Starting with the line that contains "Vaccini, incremento delle", repeat exactly every line through the last one in the records below, and leave out the pictures.

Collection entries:
------
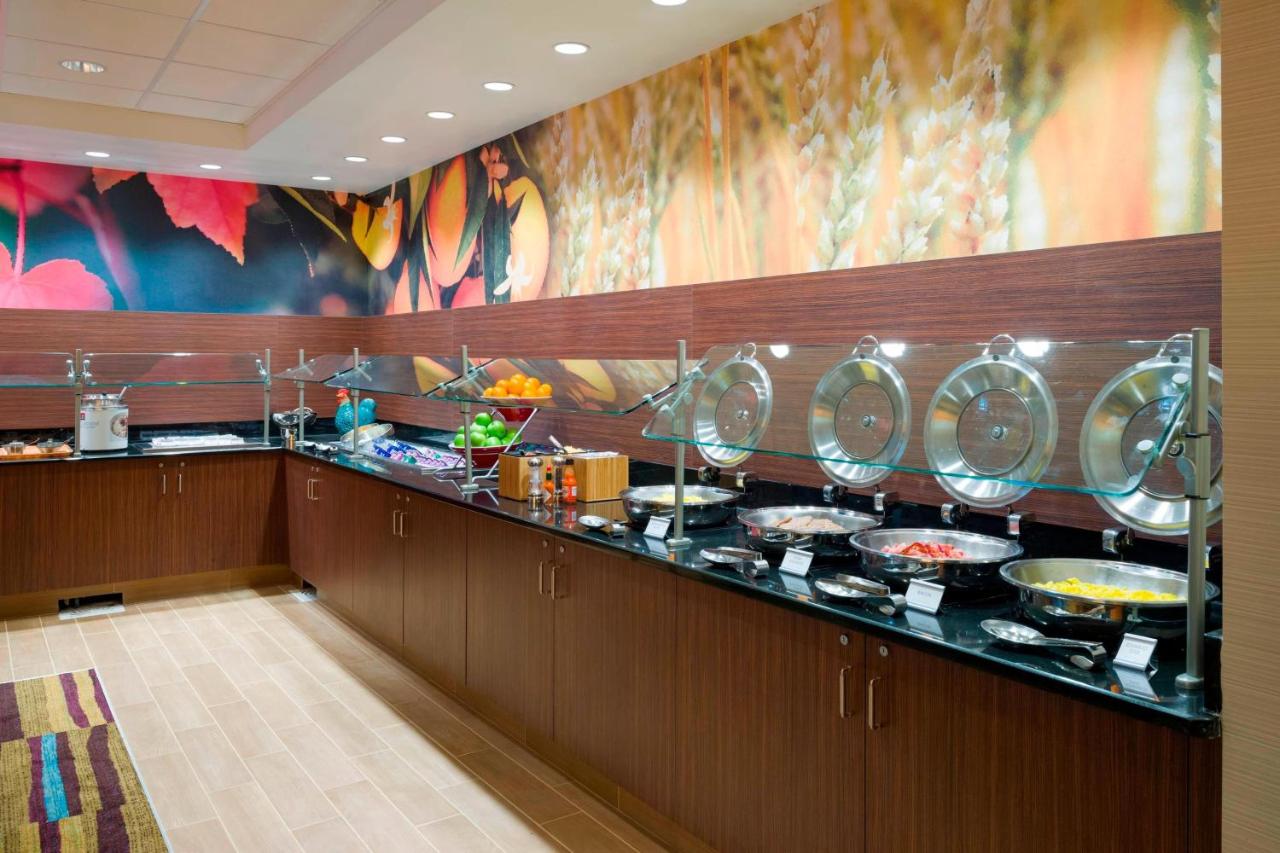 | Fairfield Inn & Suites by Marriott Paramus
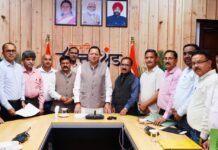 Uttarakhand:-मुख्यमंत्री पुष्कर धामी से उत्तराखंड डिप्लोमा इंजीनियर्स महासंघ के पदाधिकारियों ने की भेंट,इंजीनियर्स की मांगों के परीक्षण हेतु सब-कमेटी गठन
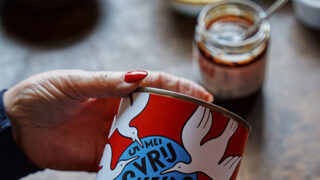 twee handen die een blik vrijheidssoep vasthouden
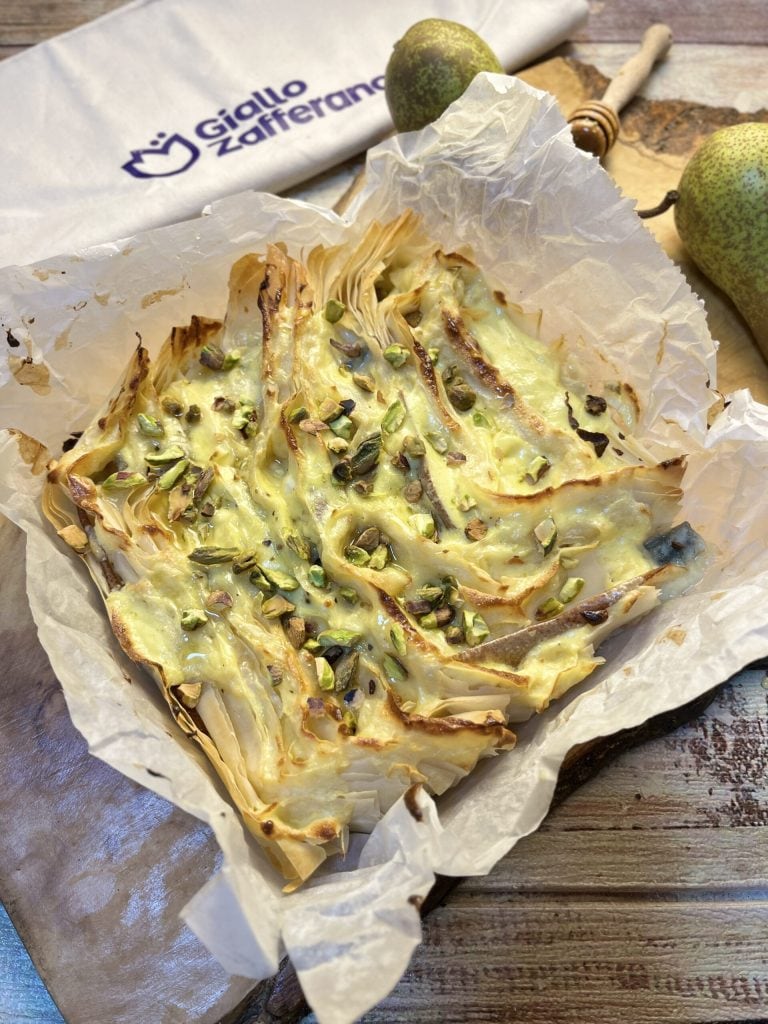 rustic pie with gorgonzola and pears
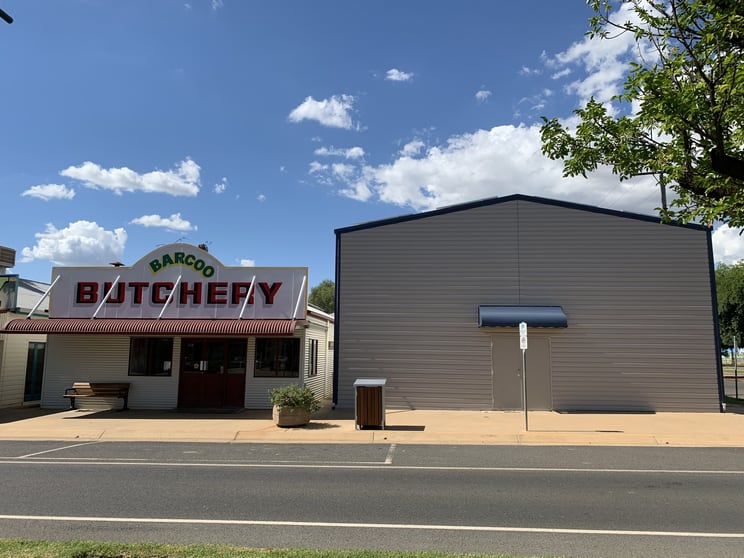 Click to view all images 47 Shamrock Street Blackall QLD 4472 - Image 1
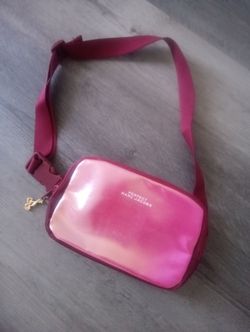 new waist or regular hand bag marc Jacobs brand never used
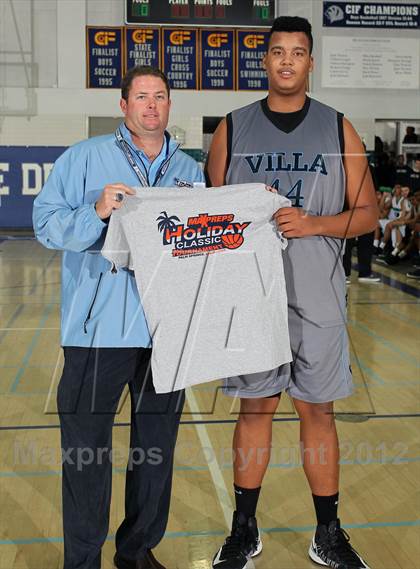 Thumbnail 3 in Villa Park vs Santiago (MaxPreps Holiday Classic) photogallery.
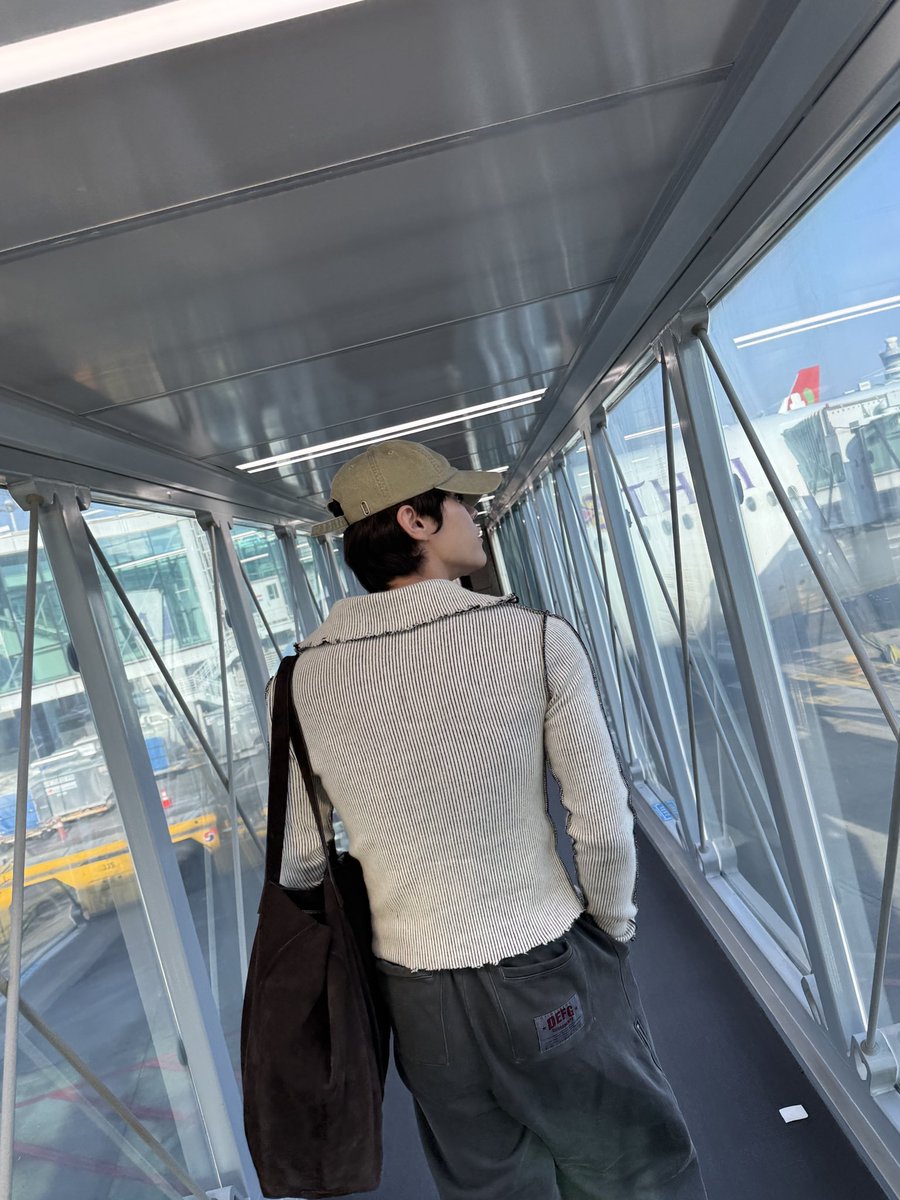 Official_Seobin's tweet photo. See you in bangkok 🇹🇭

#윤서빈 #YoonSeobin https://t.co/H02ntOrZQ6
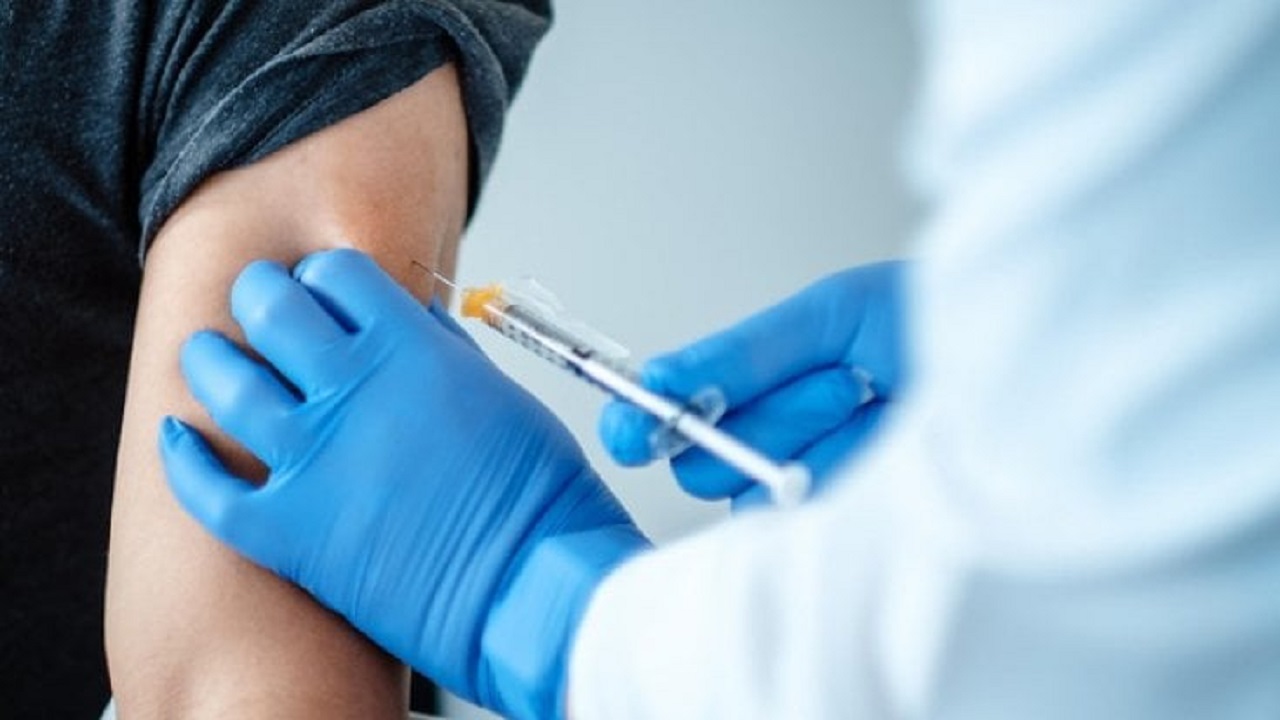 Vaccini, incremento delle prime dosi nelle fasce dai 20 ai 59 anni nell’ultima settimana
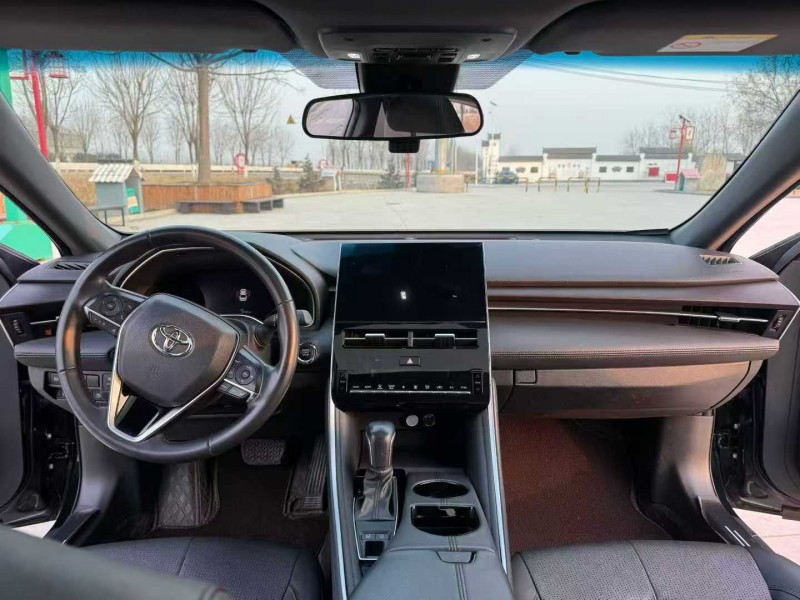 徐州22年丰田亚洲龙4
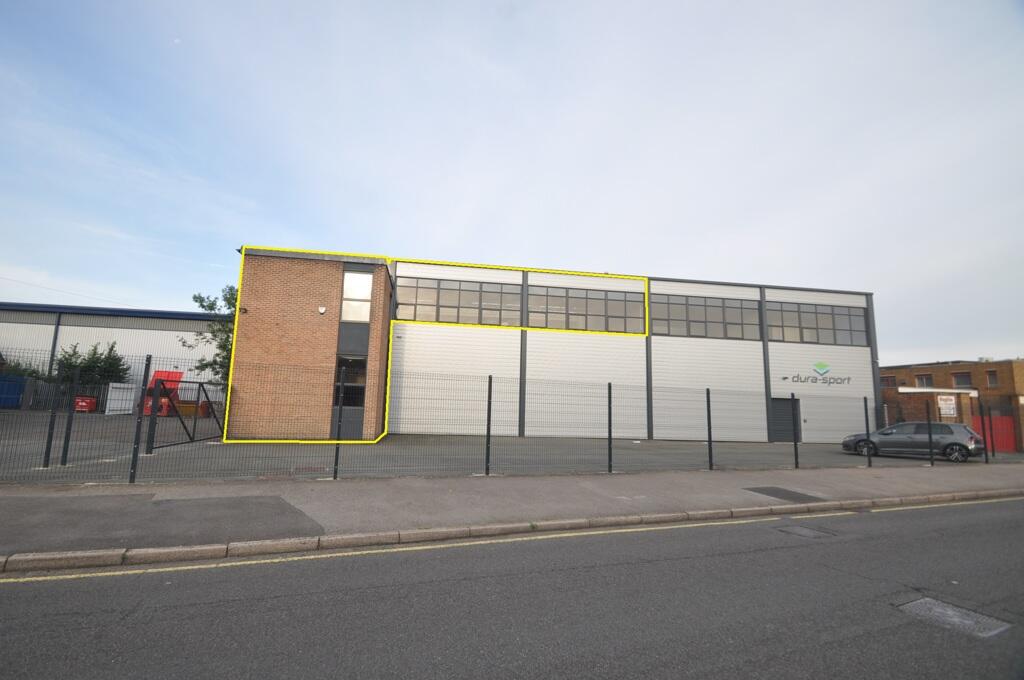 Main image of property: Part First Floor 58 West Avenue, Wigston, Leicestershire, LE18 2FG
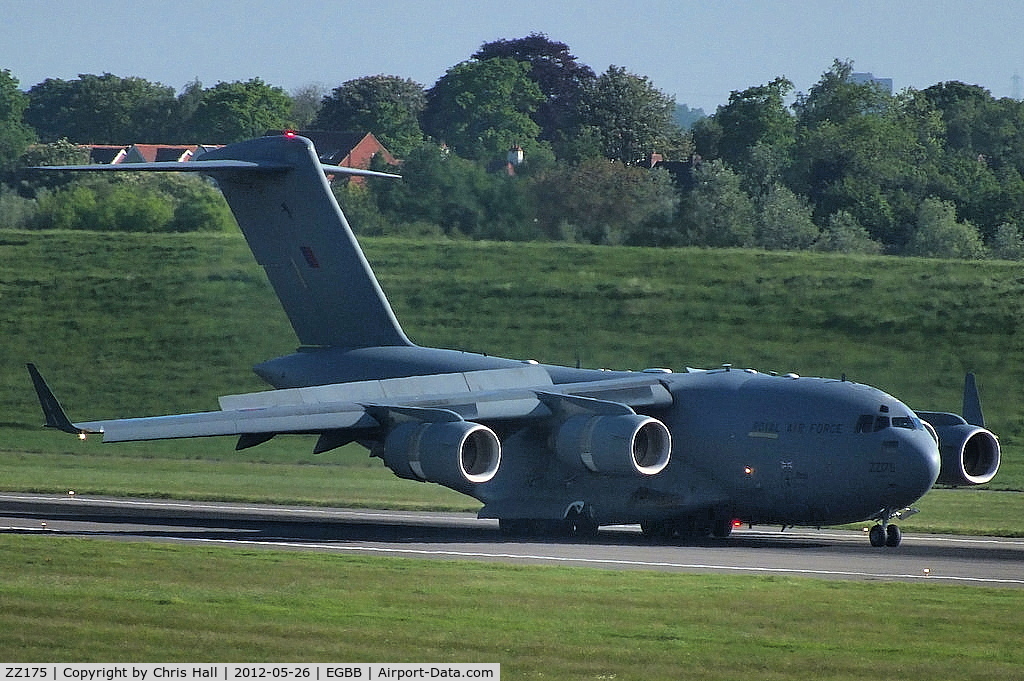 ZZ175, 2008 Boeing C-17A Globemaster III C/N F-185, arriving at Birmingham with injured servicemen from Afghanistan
------
**EXERCISE OUTPUT**
 Vaccini, incremento delle prime dosi nelle fasce dai 20 ai 59 anni nell’ultima settimana
 徐州22年丰田亚洲龙4
 Main image of property: Part First Floor 58 West Avenue, Wigston, Leicestershire, LE18 2FG
 ZZ175, 2008 Boeing C-17A Globemaster III C/N F-185, arriving at Birmingham with injured servicemen from Afghanistan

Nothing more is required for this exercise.